I'm troubleshooting some code and I encountered this line
uint8var = ((constUint8[0]) >> 7) & 0x01u;
I was wondering what the correct practice in this is. Is the & 0x01u necessary for proper implementation when writing MISRA compliant code, considering I'm shifting uint8 by 7 digits to the right?
Right-shifting a uint8_t can never be problematic in itself. However, MISRA-C aims to block you from writing bugs caused by implicit integer promotion. In your case constUint8[0] will get implicitly promoted to int which is signed. This will cause various MISRA compliance problems that are easiest avoided by ensuring your code contains no implicit promotions in the first place.

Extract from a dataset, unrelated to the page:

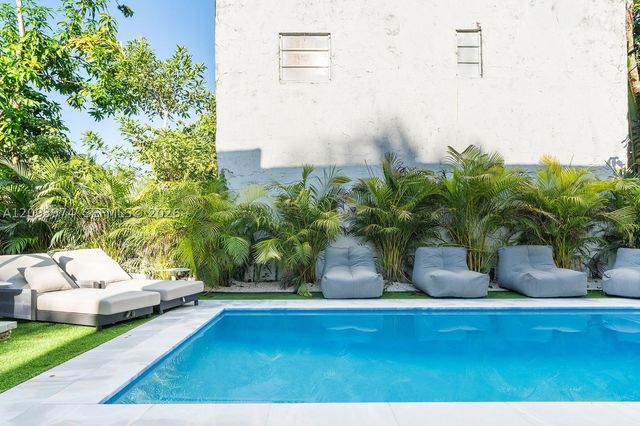 117 NE 48th St B, Miami, FL 33137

When it comes to shifts, that means casting to a large integer type before shifting:
(uint32_t)constUint8[0] >> 7.
The mask with 0x01u is superfluous and adds no value. It can be safely removed.
To achieve MISRA-C compliance, the best way is to re-write the code like this:
uint8var = (uint8_t) ((uint32_t)constUint8[0] >> 7);
where the (uint8_t) cast ensures that there's no implicit conversion, but that we explicitly go back to the intended type. MISRA-C doesn't allow implicit assignment from larger types to smaller ones.
For more info see Implicit type promotion rules.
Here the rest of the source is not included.